As least in the West I see greater threats to cognitive liberty coming from actions of non-state actors than from governments. William Gibson' narrator in Neuromancer said something along the lines of "The streets find uses for things". Reflecting my own view of reality my misremembrance of that quote which I will now claim as my own is "The streets find their own uses for technology". In free societies those street uses of cognitive state-altering technologies are what I think we have the most to worry about.

Share |      Randall Parker, 2004 April 24 02:44 PM  Dangers Mind Engineering

Fly said at April 24, 2004 6:04 PM:

What if …?

The US captures a terrorist. Advanced neural tech is used to “convert” him into a US agent. No torture or conventional mistreatment is involved.

Is this “high tech brainwashing” morally different from the low tech, harsh methods used in some Madrassas to instill fanaticism?

At what level of total war, does the forced “conversion” of the enemy become acceptable?

What is a person? We are the product of biology and environment. An accident or disease can drastically alter personality and behaviour. There may be no innate person to “protect”.

Religion, schools, and advertising agencies attempt to mold minds. Do we accept this because their methods are seen as largely ineffective? Do we accept them because we’ve grown up with them and so they are seen as normal? Do we accept them because we agree that minds can be positively molded for the greater benefit of society?

Randall Parker said at April 24, 2004 8:28 PM:

Fly, Interesting premise. Kinda like The Manchurian Candidate.

If a fanatic could be turned in such a manner and turned quickly that would provide an incredibly powerful way to infiltrate terrorist networks. But if motivation could be changed so easily then interrogation alone would much more and much more accurate and very quickly too.

Possibly technology could be developed to detect mental tampering aimed at changing motivation. If motivation-changing technology existed then would the US would gain more than lose more from the existence of this technology? On the one hand, the US would be better positioned with resources to administer tests to detect changes in motivation. On the other hand, the US has more people in key positions working against the terrorists (or even just in positions that could be used against us by "turned" people) than the terrorists have working against the US. So the US has more people who can be turned against it and therefore a much bigger task of defending against people who are reprogrammed to be traitors.
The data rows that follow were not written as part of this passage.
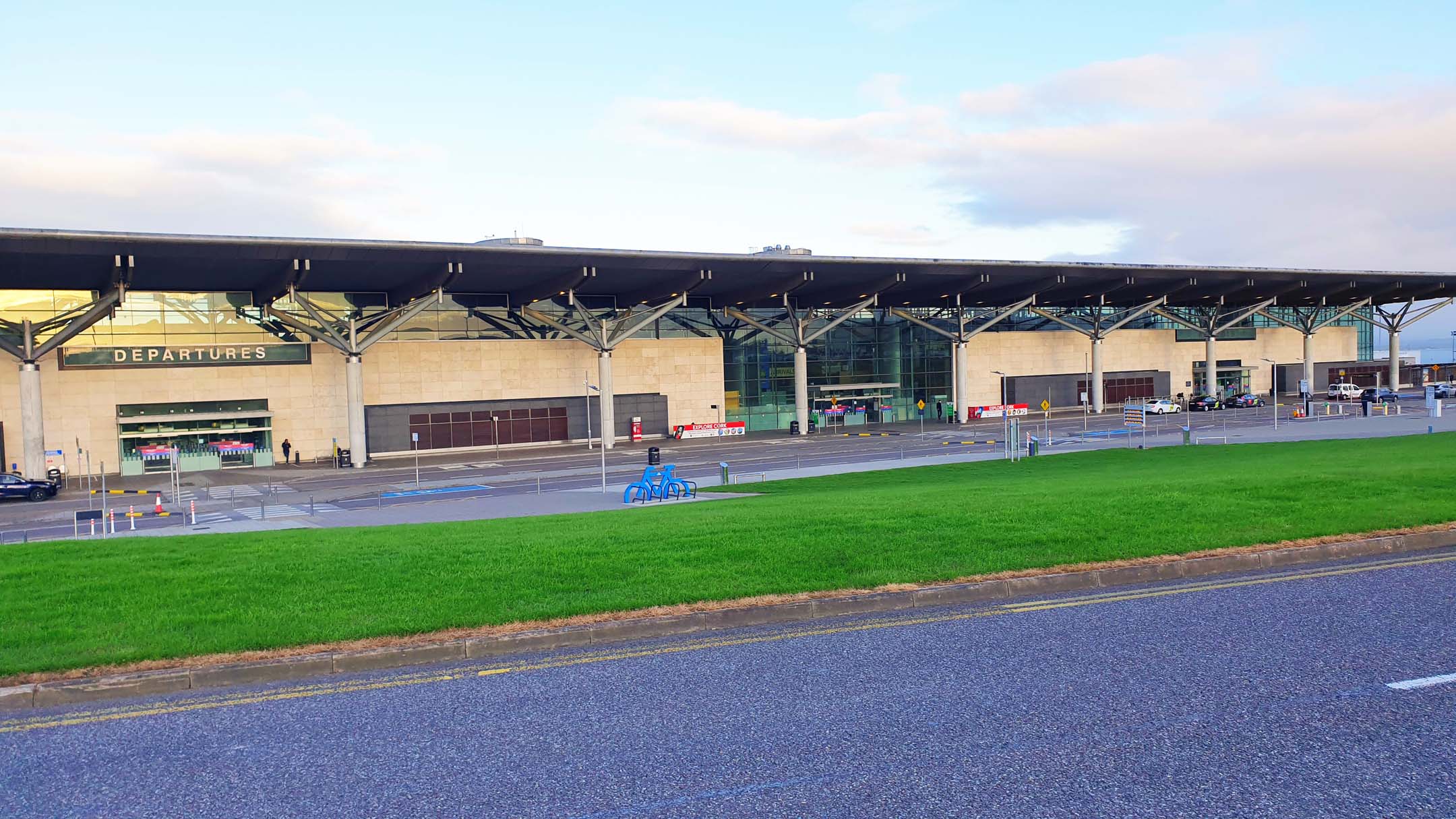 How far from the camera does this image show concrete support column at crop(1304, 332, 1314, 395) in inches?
3573

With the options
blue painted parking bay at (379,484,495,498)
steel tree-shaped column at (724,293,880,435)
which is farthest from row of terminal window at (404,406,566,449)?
blue painted parking bay at (379,484,495,498)

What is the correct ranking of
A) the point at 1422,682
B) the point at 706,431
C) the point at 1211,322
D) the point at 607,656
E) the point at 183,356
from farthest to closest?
the point at 1211,322 < the point at 706,431 < the point at 183,356 < the point at 607,656 < the point at 1422,682

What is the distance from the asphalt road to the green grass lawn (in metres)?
1.33

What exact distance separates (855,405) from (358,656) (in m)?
67.2

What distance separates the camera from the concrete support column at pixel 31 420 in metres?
43.9

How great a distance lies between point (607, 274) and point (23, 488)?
28.6m

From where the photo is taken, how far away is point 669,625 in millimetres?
9953

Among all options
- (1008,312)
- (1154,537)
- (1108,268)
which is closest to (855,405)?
(1008,312)

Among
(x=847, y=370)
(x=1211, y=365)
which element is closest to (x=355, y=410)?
(x=847, y=370)

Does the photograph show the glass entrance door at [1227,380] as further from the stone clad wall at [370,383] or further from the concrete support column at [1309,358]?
the stone clad wall at [370,383]

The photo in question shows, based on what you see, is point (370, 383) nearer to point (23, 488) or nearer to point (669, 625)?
point (23, 488)

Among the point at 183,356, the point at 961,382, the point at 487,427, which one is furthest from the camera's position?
the point at 961,382

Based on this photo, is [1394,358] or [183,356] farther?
[1394,358]

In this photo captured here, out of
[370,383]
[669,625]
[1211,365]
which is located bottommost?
[669,625] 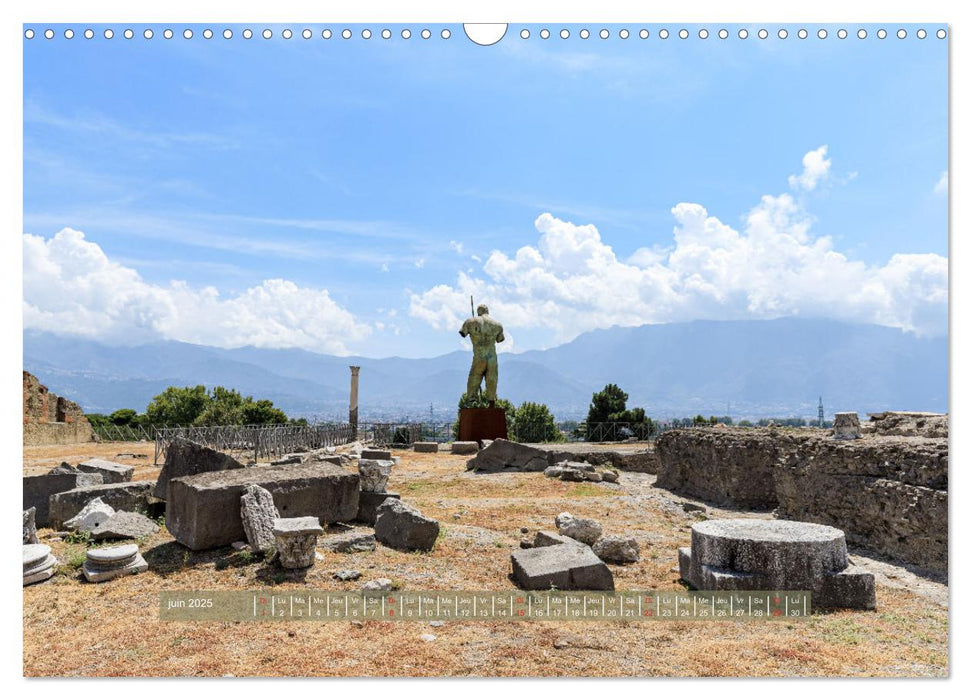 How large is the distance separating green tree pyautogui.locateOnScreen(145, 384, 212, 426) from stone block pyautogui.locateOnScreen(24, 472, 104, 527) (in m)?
37.4

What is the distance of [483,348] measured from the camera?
84.9 ft

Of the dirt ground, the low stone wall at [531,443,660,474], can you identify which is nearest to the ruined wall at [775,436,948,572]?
the dirt ground

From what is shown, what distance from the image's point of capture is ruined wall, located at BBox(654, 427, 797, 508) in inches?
531

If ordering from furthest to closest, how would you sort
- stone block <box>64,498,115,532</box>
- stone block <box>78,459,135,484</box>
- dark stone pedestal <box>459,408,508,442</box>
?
dark stone pedestal <box>459,408,508,442</box> < stone block <box>78,459,135,484</box> < stone block <box>64,498,115,532</box>

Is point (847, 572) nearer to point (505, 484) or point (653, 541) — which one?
point (653, 541)

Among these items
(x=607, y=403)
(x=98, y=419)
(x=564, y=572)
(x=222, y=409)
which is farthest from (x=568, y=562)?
(x=98, y=419)

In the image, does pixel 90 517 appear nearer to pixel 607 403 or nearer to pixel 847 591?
pixel 847 591

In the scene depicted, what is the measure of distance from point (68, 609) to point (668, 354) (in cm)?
8126

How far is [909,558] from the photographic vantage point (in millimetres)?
7918

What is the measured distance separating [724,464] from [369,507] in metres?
8.40

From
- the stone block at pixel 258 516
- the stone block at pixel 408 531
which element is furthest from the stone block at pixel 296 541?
the stone block at pixel 408 531

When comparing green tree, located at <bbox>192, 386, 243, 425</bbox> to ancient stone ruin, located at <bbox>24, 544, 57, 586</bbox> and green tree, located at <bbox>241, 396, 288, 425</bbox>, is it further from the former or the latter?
ancient stone ruin, located at <bbox>24, 544, 57, 586</bbox>

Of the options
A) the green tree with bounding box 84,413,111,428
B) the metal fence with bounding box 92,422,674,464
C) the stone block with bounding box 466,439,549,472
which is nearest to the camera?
the stone block with bounding box 466,439,549,472

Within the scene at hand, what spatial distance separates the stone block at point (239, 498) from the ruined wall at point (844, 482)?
683 centimetres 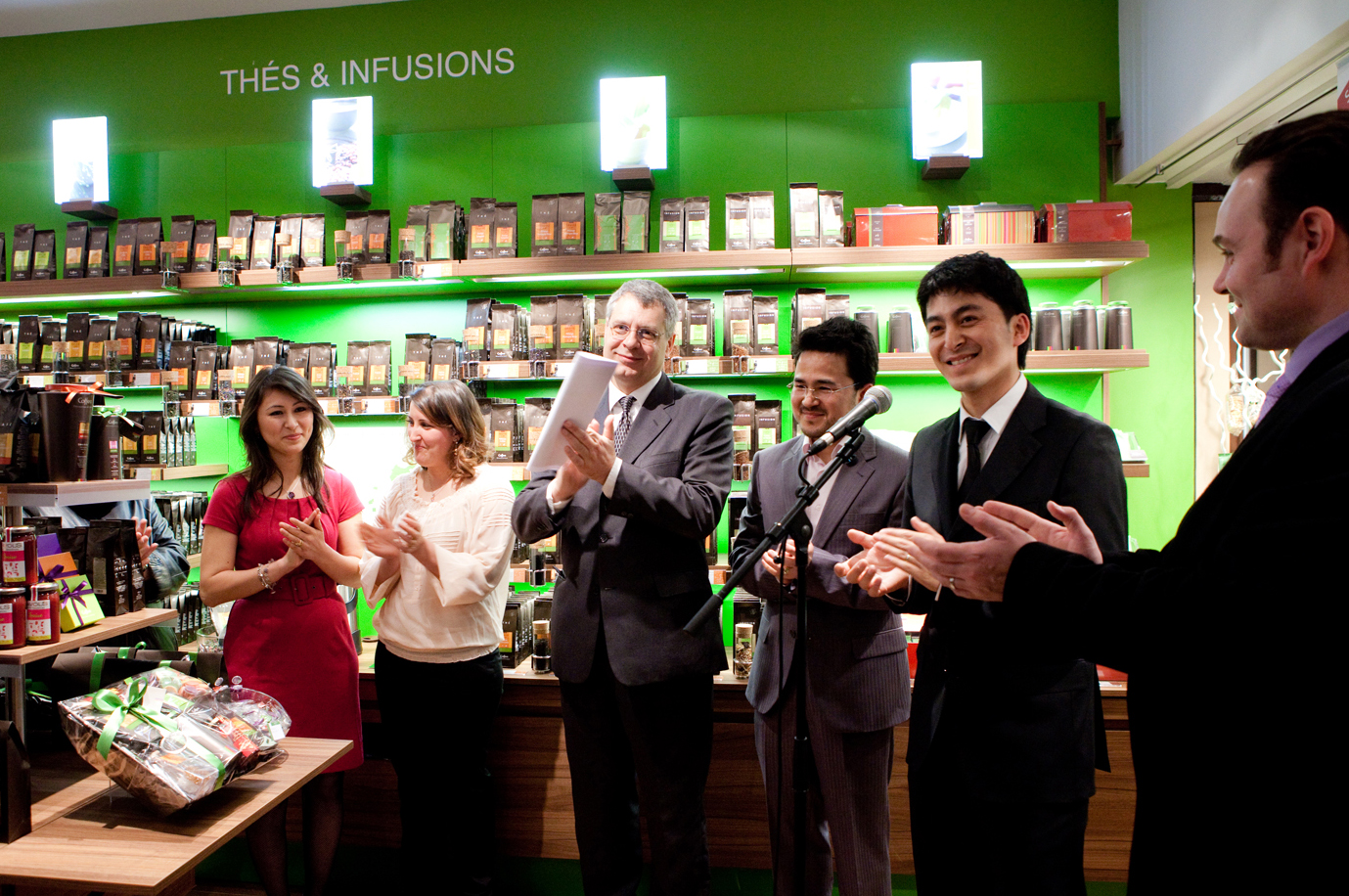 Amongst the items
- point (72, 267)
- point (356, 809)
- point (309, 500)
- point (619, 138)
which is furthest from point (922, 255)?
point (72, 267)

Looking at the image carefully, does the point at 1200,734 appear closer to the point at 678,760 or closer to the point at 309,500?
the point at 678,760

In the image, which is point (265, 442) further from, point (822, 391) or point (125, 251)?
point (125, 251)

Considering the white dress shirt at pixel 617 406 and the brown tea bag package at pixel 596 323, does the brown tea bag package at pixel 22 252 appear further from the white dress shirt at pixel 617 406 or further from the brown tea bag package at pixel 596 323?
the white dress shirt at pixel 617 406

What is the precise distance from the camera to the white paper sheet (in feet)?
5.76

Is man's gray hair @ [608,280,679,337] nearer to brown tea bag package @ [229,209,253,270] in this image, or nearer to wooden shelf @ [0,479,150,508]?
wooden shelf @ [0,479,150,508]

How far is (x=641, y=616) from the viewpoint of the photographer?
2131 millimetres

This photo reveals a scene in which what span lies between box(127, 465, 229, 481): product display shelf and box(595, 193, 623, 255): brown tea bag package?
2.23m

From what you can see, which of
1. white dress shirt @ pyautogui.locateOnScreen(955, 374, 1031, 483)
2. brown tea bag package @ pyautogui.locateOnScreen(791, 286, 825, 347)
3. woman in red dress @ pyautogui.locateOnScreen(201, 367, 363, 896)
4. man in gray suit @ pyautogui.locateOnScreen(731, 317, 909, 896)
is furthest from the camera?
brown tea bag package @ pyautogui.locateOnScreen(791, 286, 825, 347)

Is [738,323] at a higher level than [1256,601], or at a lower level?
higher

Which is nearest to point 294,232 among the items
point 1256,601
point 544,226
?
point 544,226


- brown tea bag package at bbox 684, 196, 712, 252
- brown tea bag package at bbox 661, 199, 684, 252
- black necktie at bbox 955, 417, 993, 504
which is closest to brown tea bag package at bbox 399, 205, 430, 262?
brown tea bag package at bbox 661, 199, 684, 252

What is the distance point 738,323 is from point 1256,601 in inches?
107

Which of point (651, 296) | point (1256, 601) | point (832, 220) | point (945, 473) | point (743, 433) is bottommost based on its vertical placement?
point (1256, 601)

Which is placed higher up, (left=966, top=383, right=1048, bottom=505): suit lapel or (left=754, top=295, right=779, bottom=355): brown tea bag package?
(left=754, top=295, right=779, bottom=355): brown tea bag package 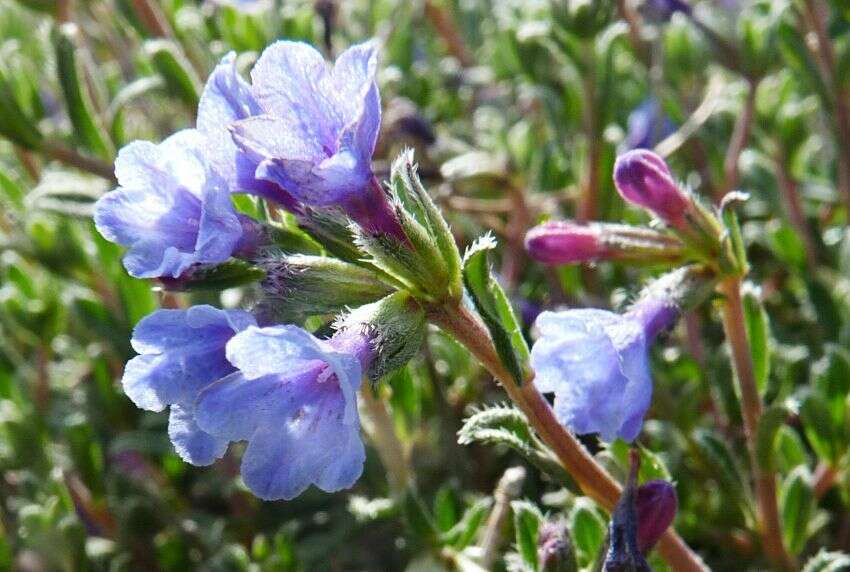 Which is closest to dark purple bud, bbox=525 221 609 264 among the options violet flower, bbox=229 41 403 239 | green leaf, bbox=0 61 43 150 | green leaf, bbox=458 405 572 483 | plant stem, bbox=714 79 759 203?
green leaf, bbox=458 405 572 483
Your question about religion, schools and advertising is excellent as well. The early results with brain scans and advertising suggest that advertising really is effective. There was one study (forget if I blogged on it) about how people got more pleasure drinking Coca Cola when they knew it was Coca Cola. Makes sense. The ads have built up all sorts of positive associations between drinking Coke and all sorts of other things. Knowledge that it is Coke triggers all sorts of pleasurable associations.

My guess is that as the effects of advertising become more precisely measured that there will be more resistance to exposure to ads. Look at my recent post about food and brain stimulation for example. An argument can be made that exposure to food is really a health problem given our evolutionary history.

Is noticing reality supporting the terrorists? said at August 28, 2007 10:43 AM:

"Brain fingerprinting" has flaws big enough to drive a truck through.

This so-called "brain fingerprinting" relies on whether a person has been exposed to particular data or stimuli before.

If someone wants to induce a "false positive" result, all they have to do is expose the testee to the data/stimuli before the test. Then at the test, the testee will test "positive" when RE-exposed to the data/stimuli.

This could be exploited by people ranging from corrupt cops holding a prisoner before testing, to murderers who might send you pictures of their crime's crime scene.

Why don't the journalists covering this ever seem to notice this?

"Brain fingerprinting" is a great bullshit self-promoting name, though.